Consent is not a "grey territory". It is simply "Yes" or "No". You either consent to sex, or you do not. It matters not what their relationship is.


Why are you such a rape advocate?
Last edited by Godstud on 15 Jul 2022 05:40, edited 1 time in total.
#15238643
Godstud wrote:Yes, that is the implication you constantly make, and argue in favour of. Why are you lying about it now?

Having sex once with a man is different from having had sex with him hundreds of times. You really believe one more is going to be all that terrible?

(assuming there was no infidelity, which is another topic)

(And yes, even if he rapes her, it does make it somewhat a little bit less bad if she already agreed to have sex with him once before)
Last edited by Puffer Fish on 15 Jul 2022 05:43, edited 1 time in total.
#15238644
Puffer Fish wrote:Having sex once with a man is different from having had sex with him hundreds of times. You really believe one more is going to be all that terrible?
The quality of the sex is irrelevant. The fact that the person doesn't want to have sex, IS relevant.

Puffer Fish wrote:If there is "some level of consent", it may very likely be less than rape.
NO. Sex without explicit consent is rape. If the rape is "implied" through a relationship, then it can be revoked as simply as saying, "No.".

Puffer Fish wrote:She said "I do."
That is not consent to sex. That is consent to marriage, you mental midget.

Puffer Fish wrote:(And yes, even if he rapes her, it does make it somewhat a little bit less bad if she already agreed to have sex with him once before)
NO. It's rape. There is no "levels" of rape.
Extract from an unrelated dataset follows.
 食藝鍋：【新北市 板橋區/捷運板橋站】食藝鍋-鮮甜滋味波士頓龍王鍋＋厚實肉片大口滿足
If someone had sex with someone previously and they were not raped, it does not matter if they get raped later.

How fucking dense are you and why are you advocating rape all the fucking time? :eh:
Last edited by Godstud on 15 Jul 2022 05:44, edited 1 time in total.
#15238645
Godstud wrote:The quality of the sex is irrelevant. The fact that the person doesn't want to have sex, IS relevant.

The issue of WHO is having sex with her is relevant. The question of whether she WANTED to have sex with that person before, on multiple occasions, in the recent past.
Last edited by Puffer Fish on 15 Jul 2022 05:46, edited 1 time in total.
#15238646
It does not matter if you had sex 10 times before and she said, "Yes" on all those occasions. It matters that you raped her, because she said, "No."(removing her consent), on the 11th time, and you did it anyways, as a fucking piece of shit rapist.

If I have sex with my wife and she says "No.", then it's rape if I continue, even though we've been married 10 years.


Why are you advocating rape? Answer the fucking question.
Last edited by Godstud on 15 Jul 2022 05:47, edited 1 time in total.
#15238648
Godstud wrote:It does not matter if you had sex 10 times before and she said, "Yes" on all those occasions.

How could you believe that doesn't matter at all?

You believe if her boyfriend (she's been sexually active with) rapes her, that is "just as bad" as if some stranger rapes her (who she never expressed any desire to have sex with, nor had any experience of sex with prior)?

Maybe what you are really claiming is that you think it's still rape, not that it's truly "equally as bad".
Last edited by Puffer Fish on 15 Jul 2022 05:51, edited 3 times in total.